Select the correct answer. Which graph represents the solution to the inequality? -2.4(x − 6) ≥ 52.8 A. A number line ranges from negative 22 through negative 2 from left to the right in increments of 2. A solid circular point is at negative 16

To solve the inequality \(-2.4(x - 6) \geq 52.8\), we start by isolating \(x\). 1. Distribute \(-2.4\): \[ -2.4x + 14.4 \geq 52.8 \] 2. Subtract \(14.4\) from both sides: \[ -2.4x \geq 52.8 - 14.4 \] \[ -2.4x \geq 38.4 \] 3. Divide both sides by \(-2.4\).

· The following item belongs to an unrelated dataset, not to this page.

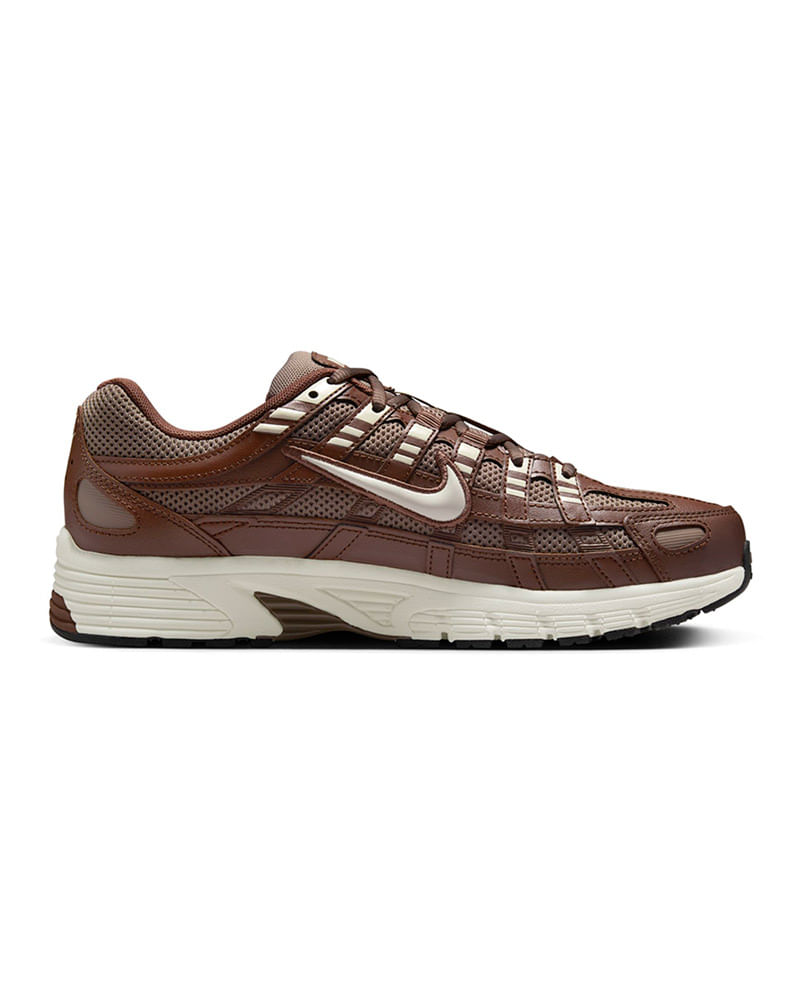 Tenis-Nike-P-6000-Feminino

Remember to flip the inequality sign when dividing by a negative number: \[ x \leq \frac{38.4}{-2.4} \] \[ x \leq -16 \] Now, the solution set is \(x \leq -16\). This means we have a solid circle at \(-16\) and an arrow extending to the left on a number line. Looking at the options provided: - **Option A:** A solid circular point at -16 with an arrow extending to the left (which matches our solution). - **Option B:** A solid circular point at -16 with an arrow extending to the right (incorrect). - **Option C:** A solid circular point at -8 with an arrow extending to the left (incorrect). - **Option D:** A solid circular point at -8 with an arrow extending to the right (incorrect). The correct answer is **A**.